## REQUIRED ACTION
Once the pictures are set aside, transcribe each line of the data exactly.

## DATASET EXTRACT
----

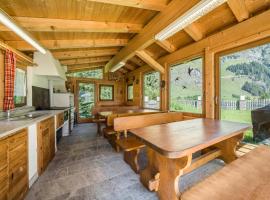 Ferienhaus Maria Steinröserl，位于摩梭的酒店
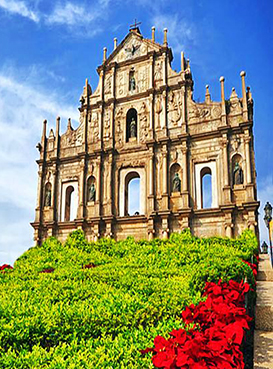 Hong Kong Shenzhen Macau Tour
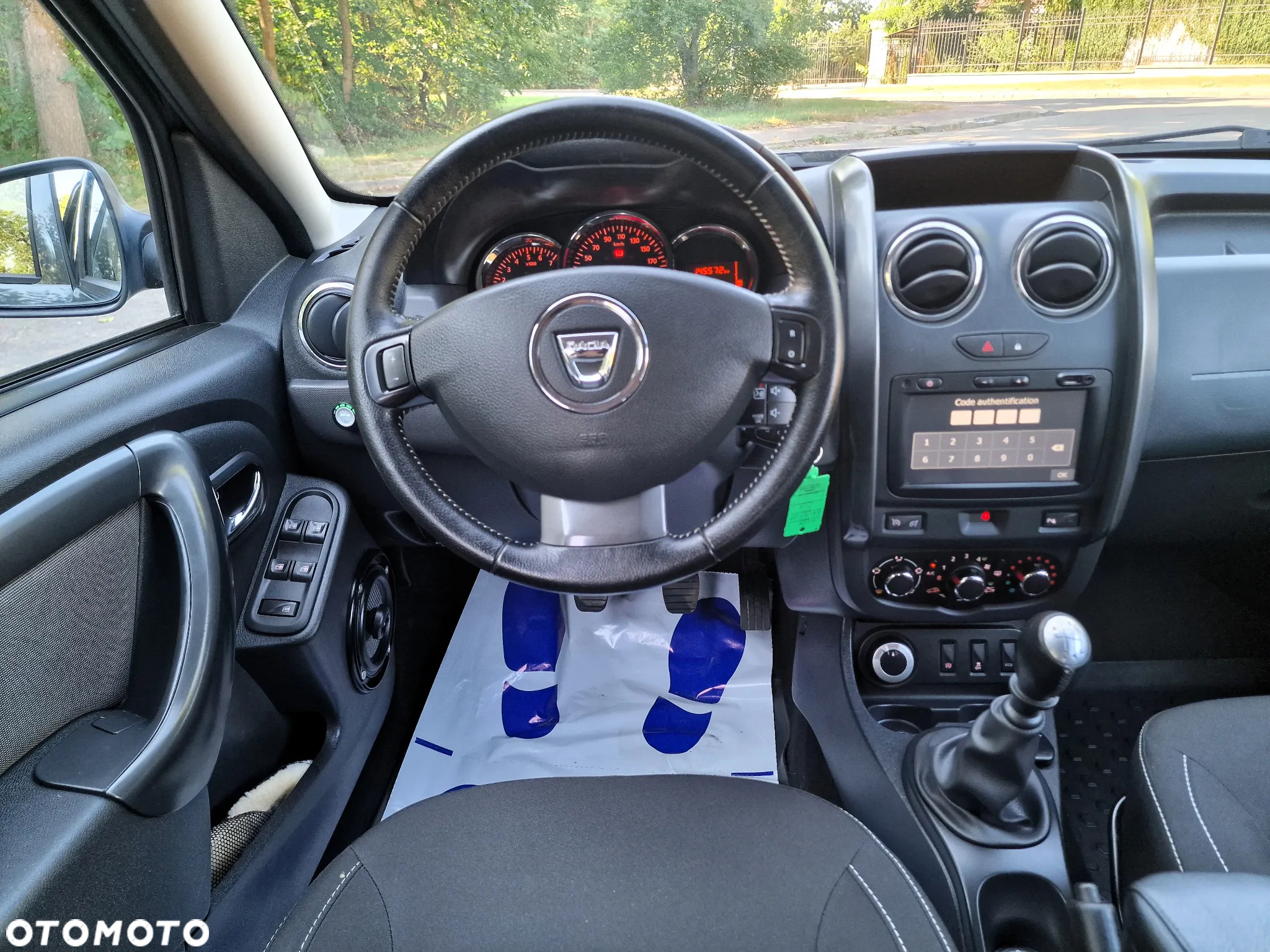 Dacia Duster 1.2 TCe Laureate 4x4 S&S EU6 - 19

----

## ANSWER SECTION
 Ferienhaus Maria Steinröserl，位于摩梭的酒店
 Hong Kong Shenzhen Macau Tour
 Dacia Duster 1.2 TCe Laureate 4x4 S&S EU6 - 19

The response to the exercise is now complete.